David John Court (born 1 March 1944) is an English former footballer, now turned coach.

==Career==
Court joined Arsenal as a schoolboy in 1959, turning professional in January 1962. Initially a centre forward or inside forward, he was a regular goalscorer for Arsenal's' youth and reserve sides. He made his first-team debut against Aston Villa on 10 September 1962, in a 2–1 defeat and went on to make fourteen league appearances over the next two seasons.

At the start of the 1964–65 season, Arsenal manager Billy Wright switched Court to the right wing, and he became a regular there for that season, playing 35 times, before being switched to right back in 1965–66, where again he was a regular for the season, playing 38 times. Wright was dismissed as Arsenal manager and many players left the club as a result, but Court continued to stay at the club for the next three seasons as a utility player.

Court played every position bar goalkeeper under Wright's successor Bertie Mee, although he played fewer matches – a total of only 31 over Mee's first two seasons. However, 1968–69 saw him return as a first-team regular – he played 51 matches that season, including Arsenal's' League Cup Final loss to Swindon Town at Wembley Stadium.

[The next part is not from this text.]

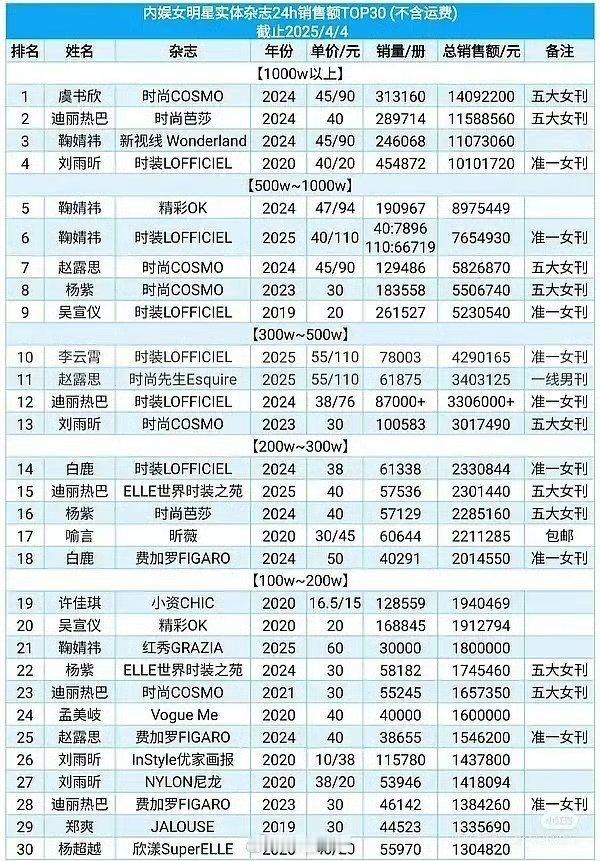 陈都灵成为内娱第八个登上杂志销量榜单的剧 ​红气养人 ​​​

He continued to be a regular in 1969–70, until he suffered injury midway through, and as a result he missed both legs of Arsenal's' Inter-Cities Fairs Cup final triumph that season. In July 1970 Arsenal accepted a £30,000 bid for him from Luton Town; in all he had played 204 matches for Arsenal, and had scored 18 goals. He spent two seasons with Luton, before seeing out his career at Brentford. He played non league football at Barnet before retiring.

After retiring from football, he worked in the financial sector, before returning to Arsenal in 1996 as Assistant Head of Youth Development, alongside Liam Brady, and has remained in the job since.